[Collected data entries]
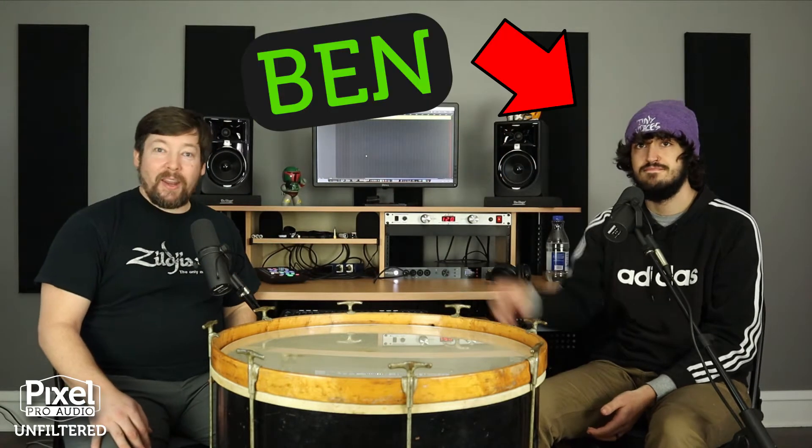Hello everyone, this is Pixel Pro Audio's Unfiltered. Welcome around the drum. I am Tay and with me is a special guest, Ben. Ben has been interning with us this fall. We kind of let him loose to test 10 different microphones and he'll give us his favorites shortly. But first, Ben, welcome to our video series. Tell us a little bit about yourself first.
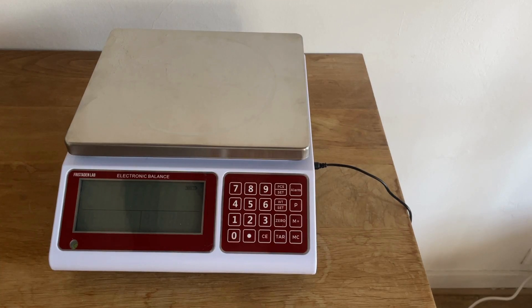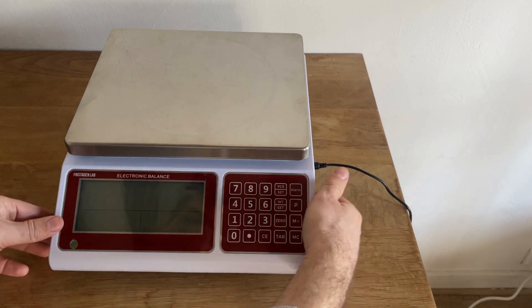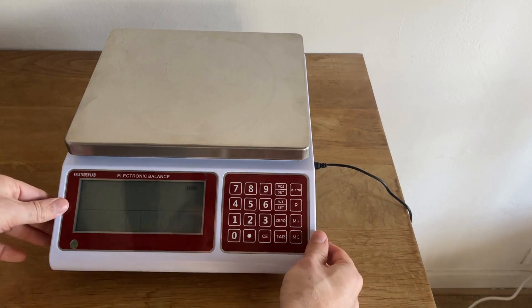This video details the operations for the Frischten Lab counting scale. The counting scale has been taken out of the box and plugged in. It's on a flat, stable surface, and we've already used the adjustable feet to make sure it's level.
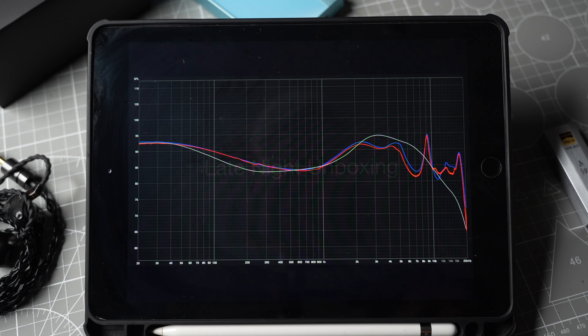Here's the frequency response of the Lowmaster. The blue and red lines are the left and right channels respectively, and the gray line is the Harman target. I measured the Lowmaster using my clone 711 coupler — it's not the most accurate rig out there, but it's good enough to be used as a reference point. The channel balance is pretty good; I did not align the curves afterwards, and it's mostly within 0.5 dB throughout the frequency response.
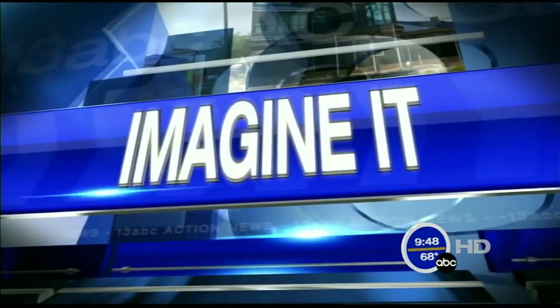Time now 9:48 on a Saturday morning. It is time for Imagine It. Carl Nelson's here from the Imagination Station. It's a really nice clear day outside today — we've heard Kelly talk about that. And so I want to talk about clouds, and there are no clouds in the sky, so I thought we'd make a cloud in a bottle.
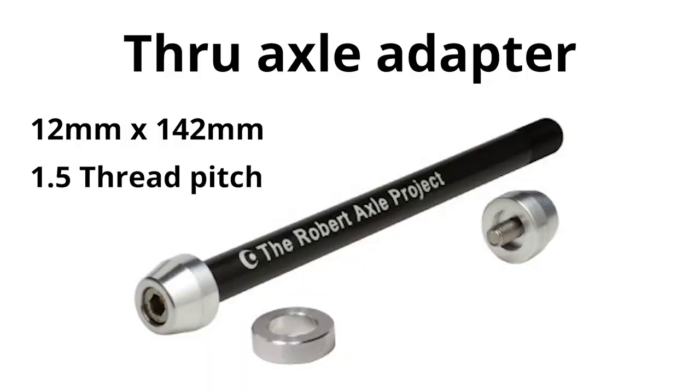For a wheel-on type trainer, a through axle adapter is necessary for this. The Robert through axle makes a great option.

• **Task item**: Omit all pictures and write out, exactly, only the lines from the line containing "Time now 9:48" through the last line of the entries above.

• **Answer to this task**:
Time now 9:48 on a Saturday morning. It is time for Imagine It. Carl Nelson's here from the Imagination Station. It's a really nice clear day outside today — we've heard Kelly talk about that. And so I want to talk about clouds, and there are no clouds in the sky, so I thought we'd make a cloud in a bottle.
For a wheel-on type trainer, a through axle adapter is necessary for this. The Robert through axle makes a great option.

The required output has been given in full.